---------- Source material
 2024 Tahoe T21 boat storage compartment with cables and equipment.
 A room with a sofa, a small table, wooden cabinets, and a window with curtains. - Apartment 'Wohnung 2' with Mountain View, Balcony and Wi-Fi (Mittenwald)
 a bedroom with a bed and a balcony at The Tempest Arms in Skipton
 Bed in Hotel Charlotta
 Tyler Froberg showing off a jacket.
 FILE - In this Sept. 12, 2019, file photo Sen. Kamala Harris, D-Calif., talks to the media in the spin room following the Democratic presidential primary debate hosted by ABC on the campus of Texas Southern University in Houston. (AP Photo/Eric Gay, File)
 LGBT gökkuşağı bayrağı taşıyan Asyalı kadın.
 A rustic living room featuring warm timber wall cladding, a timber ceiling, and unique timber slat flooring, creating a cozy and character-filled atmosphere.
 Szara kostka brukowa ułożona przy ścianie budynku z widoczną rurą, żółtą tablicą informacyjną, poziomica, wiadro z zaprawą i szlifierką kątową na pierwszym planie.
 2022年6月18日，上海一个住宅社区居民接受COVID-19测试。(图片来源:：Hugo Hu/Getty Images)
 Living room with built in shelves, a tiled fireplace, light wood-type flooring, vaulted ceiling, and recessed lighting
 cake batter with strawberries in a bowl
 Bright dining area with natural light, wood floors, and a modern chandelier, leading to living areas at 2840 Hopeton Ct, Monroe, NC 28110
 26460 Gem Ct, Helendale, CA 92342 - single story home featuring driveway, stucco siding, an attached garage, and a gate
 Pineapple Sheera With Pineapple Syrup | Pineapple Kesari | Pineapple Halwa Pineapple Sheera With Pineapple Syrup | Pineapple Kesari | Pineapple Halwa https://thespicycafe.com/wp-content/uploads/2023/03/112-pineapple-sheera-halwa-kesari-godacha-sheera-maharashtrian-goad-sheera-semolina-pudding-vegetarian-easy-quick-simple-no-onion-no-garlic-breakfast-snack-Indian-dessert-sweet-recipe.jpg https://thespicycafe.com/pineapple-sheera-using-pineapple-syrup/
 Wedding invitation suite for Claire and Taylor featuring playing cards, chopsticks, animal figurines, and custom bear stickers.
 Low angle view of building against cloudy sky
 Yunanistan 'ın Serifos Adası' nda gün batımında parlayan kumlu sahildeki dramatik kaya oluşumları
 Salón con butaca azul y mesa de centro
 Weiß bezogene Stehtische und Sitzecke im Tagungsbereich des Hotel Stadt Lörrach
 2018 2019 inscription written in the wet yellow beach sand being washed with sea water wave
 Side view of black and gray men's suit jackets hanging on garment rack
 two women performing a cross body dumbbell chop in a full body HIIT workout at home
--------------------
Copy every line in the records above that contains the word "flooring".

**Result for this exercise**
 A rustic living room featuring warm timber wall cladding, a timber ceiling, and unique timber slat flooring, creating a cozy and character-filled atmosphere.
 Living room with built in shelves, a tiled fireplace, light wood-type flooring, vaulted ceiling, and recessed lighting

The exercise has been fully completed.